If a contractor offers to ‘accelerate’ work on a delayed job the employer should be aware that it may involve giving away a lot of money and legal protections

It is now becoming common for contractors on projects that are delayed to make offers to accelerate works in order to achieve completion earlier than would otherwise be the case. This is becoming commonplace on projects where the completion date is sacrosanct. Examples are the opening nights of theatres, university accommodation projects, schools projects and millennium projects that employers may be prepared to pay a premium to have on a particular date. A recent public example of this is the contractor’s offer to take responsibility for the completion of Bath Spa.

The common scenario is that the employer, usually a local authority or publicly funded body has a project that is substantially in delay. Often the contractor will blame the design team or the employer for changing the design. The design team will blame the contractor. The employer will then be in a position of not knowing who to believe. Even with the advent of adjudication it will not be certain that it will be able to get to the bottom of who is responsible. In those circumstances an offer from a contractor to accelerate may look attractive.

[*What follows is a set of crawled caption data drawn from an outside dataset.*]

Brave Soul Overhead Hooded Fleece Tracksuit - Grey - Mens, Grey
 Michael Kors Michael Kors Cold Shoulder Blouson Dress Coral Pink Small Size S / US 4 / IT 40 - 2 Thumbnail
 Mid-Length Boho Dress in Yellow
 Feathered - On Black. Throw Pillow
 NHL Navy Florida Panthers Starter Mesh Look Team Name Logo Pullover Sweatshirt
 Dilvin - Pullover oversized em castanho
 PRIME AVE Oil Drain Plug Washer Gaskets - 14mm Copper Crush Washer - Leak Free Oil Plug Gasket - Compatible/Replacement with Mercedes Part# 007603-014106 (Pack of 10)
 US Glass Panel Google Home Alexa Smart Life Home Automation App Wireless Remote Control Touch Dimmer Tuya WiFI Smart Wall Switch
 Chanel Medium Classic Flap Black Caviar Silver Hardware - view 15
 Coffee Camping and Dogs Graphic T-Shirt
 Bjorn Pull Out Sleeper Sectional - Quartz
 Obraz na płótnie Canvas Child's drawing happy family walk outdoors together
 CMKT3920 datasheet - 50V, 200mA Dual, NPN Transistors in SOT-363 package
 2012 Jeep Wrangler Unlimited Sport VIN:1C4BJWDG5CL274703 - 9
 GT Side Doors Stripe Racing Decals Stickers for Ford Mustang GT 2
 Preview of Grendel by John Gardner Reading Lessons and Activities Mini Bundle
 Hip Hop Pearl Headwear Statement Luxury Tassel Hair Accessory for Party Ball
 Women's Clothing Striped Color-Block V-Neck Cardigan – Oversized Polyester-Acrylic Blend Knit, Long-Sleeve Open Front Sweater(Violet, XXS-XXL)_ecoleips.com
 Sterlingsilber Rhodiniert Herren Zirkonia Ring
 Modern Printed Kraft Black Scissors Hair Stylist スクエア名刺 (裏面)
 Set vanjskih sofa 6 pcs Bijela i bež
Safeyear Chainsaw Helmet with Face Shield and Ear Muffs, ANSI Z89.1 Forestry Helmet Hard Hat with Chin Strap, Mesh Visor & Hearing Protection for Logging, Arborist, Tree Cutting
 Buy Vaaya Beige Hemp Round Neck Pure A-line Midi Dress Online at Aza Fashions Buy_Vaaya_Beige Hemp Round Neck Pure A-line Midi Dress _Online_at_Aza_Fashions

These agreements are fraught with difficulty and the employer needs to think them through carefully. The usual arrangement would be for a new completion date to be agreed in return for a sum of money, usually considerably more than the contract sum, which date the contractor will “guarantee”. The employer will therefore forgo any claims it might have had for liquidated damages for delays beyond the original completion date.

What exactly is the contractor agreeing to do? Often it will be the case that it is agreeing to use reasonable endeavours to complete the works by the new completion date. The employer is therefore in the position of having to place its trust in the contractor to complete by that date. It has no greater certainty than under the original contractual arrangement. If the contractor has failed to perform hither to, why should the employer trust it now?

What happens if the new “guaranteed” completion date is not met for a reason that is not the employer’s responsibility? The employer will have given up all its previous entitlement to liquidated damages and will be entitled only to the new liquidated damages agreed. Inevitably if the contractor fails to meet the “guaranteed” completion date, the employer and its design team will have to ensure that it has not given the contractor any cause for relief from liability for the delay. The design team will have to be brought into the process to ensure that, if there are any approvals or design requests outstanding, that they are turned around promptly. The timescales for such design team input is also something that will need to be considered in any “completion agreement”.

This sort of agreement will often preclude any claims that the employer might otherwise have had against its design team for breaches.

Agreements to accelerate work on contracts that are badly delayed are fraught with difficulty for the employer

It is likely that any completion agreement will include settlement of all outstanding claims from either party to date. Issues are likely to arise in the future as to whether or not a claim was known at the time of the arrangement. It may be the case that the employer will be unaware of potential claims from the contractor and careful consideration needs to be given to exactly what claims are being settled.

It is also often the case that in accelerating the contractor will often not be able to guarantee completion of all works. For example, in accelerating to meet say an opening night of a theatre, all the painting or finishes in the dressing rooms may not be complete but nevertheless the project is sufficiently complete to allow “the show to go on”. There needs to be an agreed “snagging” regime.

These sorts of agreements are obviously best avoided, but for an employer caught between a rock and a hard place it is often a case of needs must. If the parties can think of half the ways that the agreement could end in tears then they will be doing well.